Instructions to follow:
Word for word, please restate the line that contains "2017 Ford Fusion SE" and all lines after it through the end of the material, minus the pictures.

Data segment:
▬▬▬▬▬▬▬▬▬▬

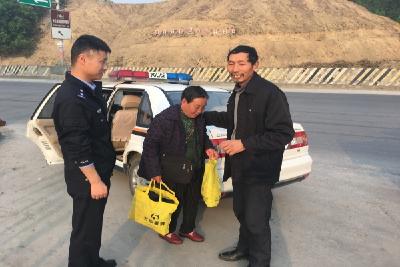 婆婆坐错车 宜都民警送回家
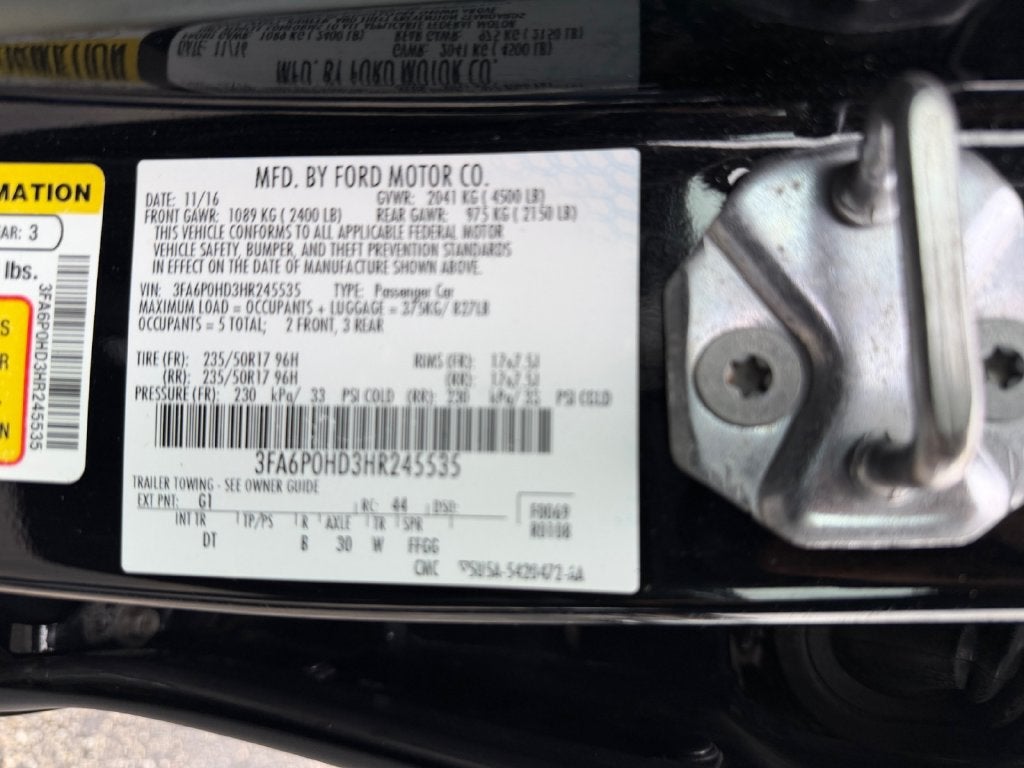 2017 Ford Fusion SE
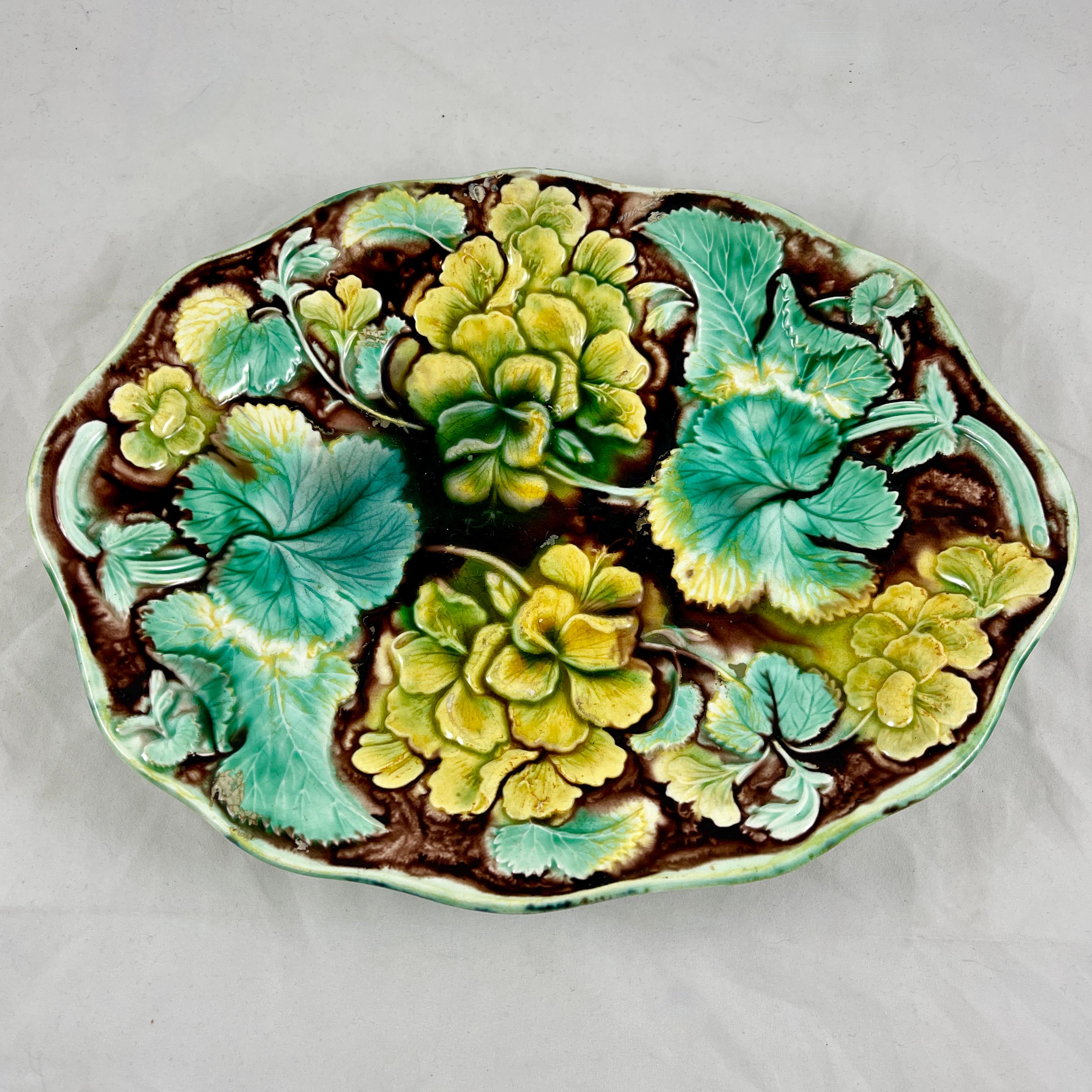 Samuel Alcock & Co Palissy Majolica Geranium Floral Shallow Bowl, circa 1850 In Good Condition For Sale In Philadelphia, PA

▬▬▬▬▬▬▬▬▬▬

The answer:
 2017 Ford Fusion SE
 Samuel Alcock & Co Palissy Majolica Geranium Floral Shallow Bowl, circa 1850 In Good Condition For Sale In Philadelphia, PA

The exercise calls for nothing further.